Nigel Smith recently wrote a great article noting the design history of Team Canada’s iconic jerseys, chock full of fun little anecdotes. It begins with:
In 1972, the most famous Canadian sports uniform — a design icon — was created by John Lloyd, a transplanted Englishman with no knowledge of hockey. (He was more into yoga.) Lloyd is completely uncelebrated for his extraordinary contribution, and he never mentioned it.
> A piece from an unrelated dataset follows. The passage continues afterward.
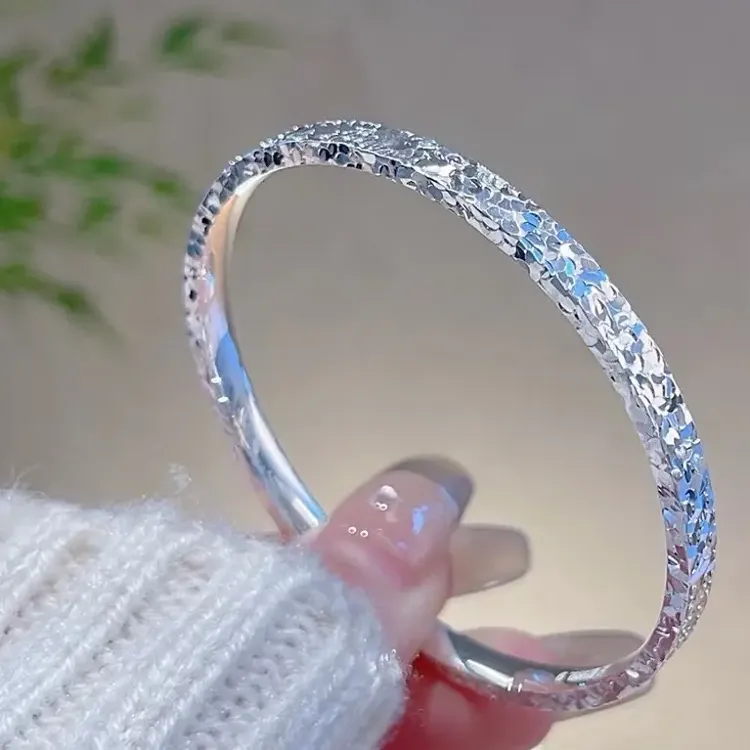 足银手镯  碎冰冰实心闭口时尚百搭气质轻奢生日礼物女款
This work is an example of the power of good design, and here’s how it came to be.
The whole article is worth a read, but here are some choice highlights:
Vickers and Benson were given 24 hours to come up with a name and sweater design.
They were originally to be called the NHL All-stars, but Terry O’Malley at Vickers and Benson worked to position the series as “not a series between Russia and the NHL, but Russia and Canada.”
O’Malley on the mad rush and work by John Lloyd:
Everything was moving at warp speed. We not only required the sweater, but we needed home and away versions by, you guessed it, tomorrow.
The incredible John Lloyd had bought two large red and two large white sweaters. He cut out the now famous stylized maple leaf in red and in white. He then stitched the red on the white jersey for home and reversed the process for the away.
Defying convention: There is no central crest on the uniform. There are also no numbers on the sleeves.
All this derived from a Canadian flag which was, at the time, just 7 years old, designed by a man who had only been in the country for 2 years, and stitched by his wife, Michelle Lloyd, who went on to co-found Club Monaco.